Los expertos en electromovilidad insistieron en que México ha avanzado en proyectos piloto en distintas ciudades y estados, pero todavía no logra consolidar una estrategia nacional que permita acelerar la transición hacia sistemas de transporte eléctrico masivos.

Rumbo a la electromovilidad

Matías Galuccio, Head de VEMO Conduce, destacó que existen condiciones favorables para avanzar, entre ellas financiamiento disponible por parte de la banca de desarrollo, interés de gobiernos estatales y municipales, así como una creciente oferta de vehículos eléctricos e infraestructura de carga.

“Hay mucho potencial en México para que las compañías inviertan en tecnología, como lo estamos haciendo en VEMO, donde tenemos en la línea de negocio de financiamiento alrededor de 1,300 vehículos eléctricos arrendados y también trabajamos en todo el frente de clientes B2B”, explicó.

Sin embargo, los especialistas advirtieron que el principal cuello de botella es la falta de capacidad técnica para estructurar proyectos ejecutivos y modelos financieros viables.

“El hardware ya existe: hay autobuses, cargadores y tecnología. Lo que falta es el software institucional para coordinar todos los componentes”, puntualizó Gustavo Jiménez.

Los especialistas también destacaron que la electromovilidad no debe analizarse únicamente desde la óptica tecnológica o económica, ya que tiene impactos relevantes en inclusión social, salud pública y calidad de vida.

“La transición representa una oportunidad financiera importante, pero también tiene beneficios sociales tangibles, por ejemplo, en la salud. La reducción de emisiones beneficia a las poblaciones más vulnerables, por lo que definitivamente representa un beneficio social”, aseguró Gabriela de la Torre Ríos, jefa de Vehículos de Cero Emisiones para Latinoamérica de C40 Cities.

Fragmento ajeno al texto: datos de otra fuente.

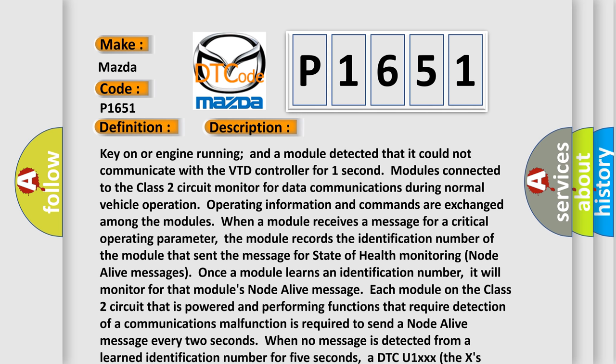Key on or engine running, and a module detected that it could not communicate with the VTD controller for one second. Modules connected to the Class 2 circuit monitor for data communications during normal vehicle operation. Operating information and commands are exchanged among the modules. When a module receives a message from a critical operating parameter, it records the identification number of the module that sent the message for state-of-health monitoring node alive messages. Once a module learns an identification number, it will monitor for that module's node alive message. Each module on the Class 2 circuit that is powered and performing functions requiring detection of a communications malfunction must send a node alive message every 2 seconds. When no message is detected from a learned identification number for 5 seconds, a DTC U1-XXX — where the X's identify the 3-digit identification number — is set.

Durante el panel, los expertos resaltaron que la transición hacia vehículos eléctricos ha abierto oportunidades laborales para mujeres en sectores históricamente masculinizados, particularmente en el transporte público y de carga.

Asimismo, indicaron que operadores de autobuses eléctricos reportan mejoras en sus condiciones laborales debido a la reducción de ruido y emisiones contaminantes.

Otro de los puntos abordados fue la necesidad de dejar de comparar directamente a los vehículos eléctricos con los de combustión interna, ya que su lógica de operación, mantenimiento y costos es distinta.

“No se vale comparar el costo de inversión de un eléctrico con el costo de compra de uno de combustión interna. Tenemos que voltear a ver el costo total de propiedad”, indicó Germán Carmona, presidente de la AMIVE.

Recalcó que el análisis debe realizarse sobre el costo total de propiedad a largo plazo y no únicamente sobre el precio inicial de compra.

Acelerar proyectos

Los expertos subrayaron que México cuenta con capacidades para desarrollar tecnología propia, aunque todavía depende ampliamente de vehículos importados. En los últimos años, academia, gobierno e iniciativa privada han comenzado a impulsar proyectos nacionales de fabricación de autobuses eléctricos.

Entre las acciones prioritarias para acelerar la adopción masiva de la electromovilidad, los especialistas mencionaron la necesidad de fortalecer la capacitación técnica, generar proyectos bancables, ampliar la infraestructura de recarga y crear políticas públicas de largo plazo.

“Lo que hace falta es coordinar a todos los actores y dejar de pensar en pilotos para comenzar a construir modelos escalables”, puntualizó Gabriela de la Torre.